WORK REQUEST:
Once the pictures are set aside, transcribe the remaining data exactly.
[[ COLLECTED DATA, beginning ]]
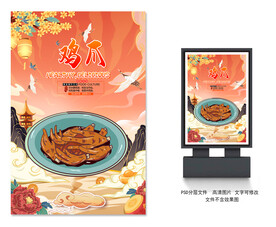 鸡爪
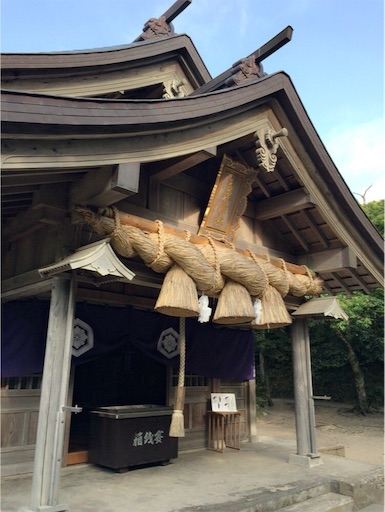 f:id:inouekoharu:20160524231613j:image f:id:inouekoharu:20160524231613j:image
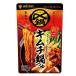 mitsu can . до прекрасный тест .. кимчи nabe tsuyu распорка ( 750g )/. кастрюля ( кастрюля. элемент ) ( кастрюля. элемент nabe tsuyu nabe tsuyu кастрюля суп ramen суп )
[[ COLLECTED DATA, end ]]
REPLY TO THE TASK:
 鸡爪
 f:id:inouekoharu:20160524231613j:image f:id:inouekoharu:20160524231613j:image
 mitsu can . до прекрасный тест .. кимчи nabe tsuyu распорка ( 750g )/. кастрюля ( кастрюля. элемент ) ( кастрюля. элемент nabe tsuyu nabe tsuyu кастрюля суп ramen суп )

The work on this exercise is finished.